RP: Which year did you go into USC?

MS: I went in, see, I graduated 1930.

RP: 1926 or...

MS: Yeah.

RP: Did you have a scholarship or any other financial help, or did your parents...

MS: No, I stayed with a family, helped them wash dishes, helped with dinner, got free board, then I worked at a pharmacy after school 'cause lot of time we got through, usually classes lasted early part of afternoon, so I worked to get my practice.

RP: Where, which pharmacy did you work at?

MS: It was called, it's in, it was a Little Tokyo pharmacy, and I worked in a Rexo, Rexo Pharmacy for a while. You know the old Rexo Pharmacy group?

RP: Was the pharmacy field open to Japanese Americans during the time that you were going to school? Did you feel like you had any type of future in that field?

MS: Well, it was hard. Lot of people couldn't find work, but I lucked out.

RP: What happened?

MS: And not only that, they didn't girl pharmacists were not very well-known then, so it's hard for women to get a job, but so they wouldn't let me work out in the front. I did all the prescriptions in the back.

RP: This was your first pharmacy job out of USC?

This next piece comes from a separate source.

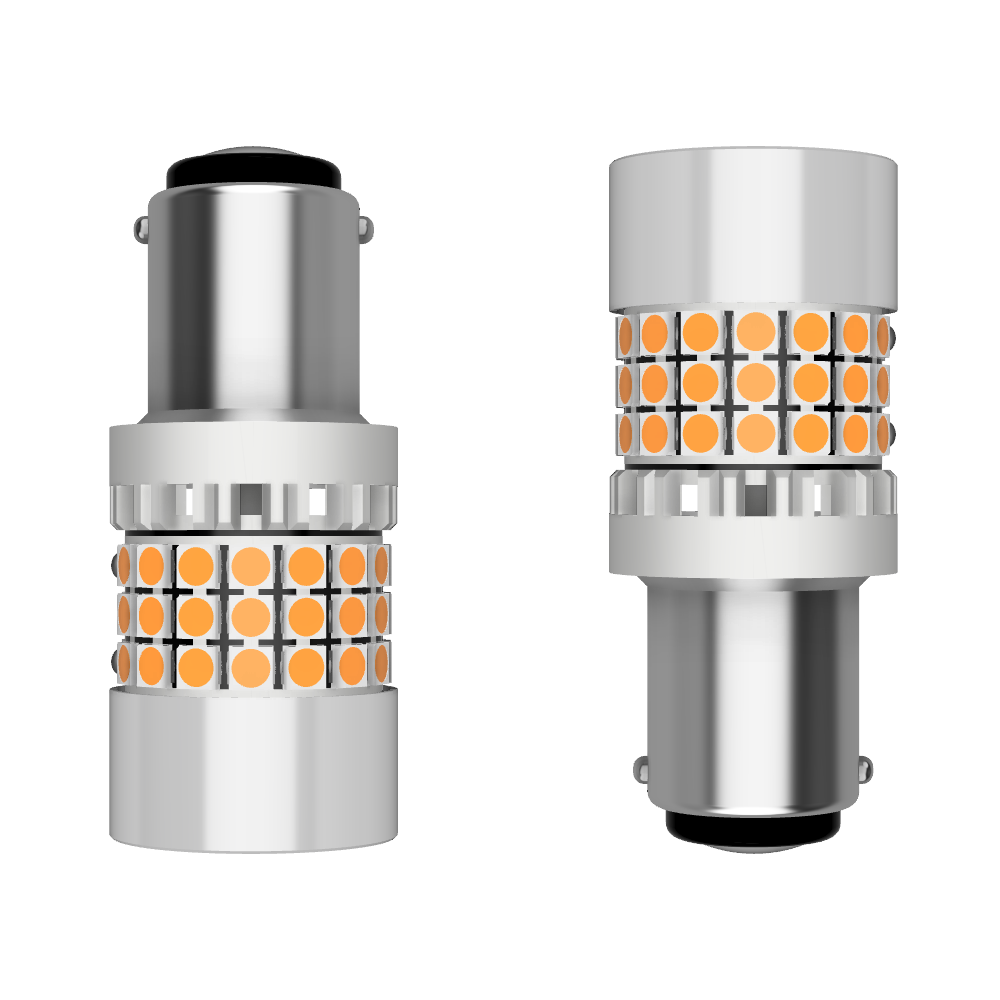 Set 2 x bec LED BA15S PY21W LUSMAR™ Galben 7000 lm Canbus - fara eroare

MS: Yeah, I had to, they didn't sell anything. I did some, but they always made me work in the back, filling prescriptions. In those days we had to measure liquids. It's not like pulling pills off the shelf those days. We had to mix lot of things, like powders and liquids. And so I liked to do that and so I didn't mind working in the back. My first job, I got seventy-five dollars a month, and when I retired in '70, let's see, '73, I was getting seventy-five dollars a day. And now you know how much pharmacists get? Girls are making eighty to a hundred thousand a year. That's why, I understand, I read someplace in the medical field about a good, almost half are women going into medical field. Dental students, same thing, and in the pharmacy they said half the students are women now. Like you go to the hospitals, there are a lot of women doctors, 'cause it's a big field for the women now, and it's good money if you can make it.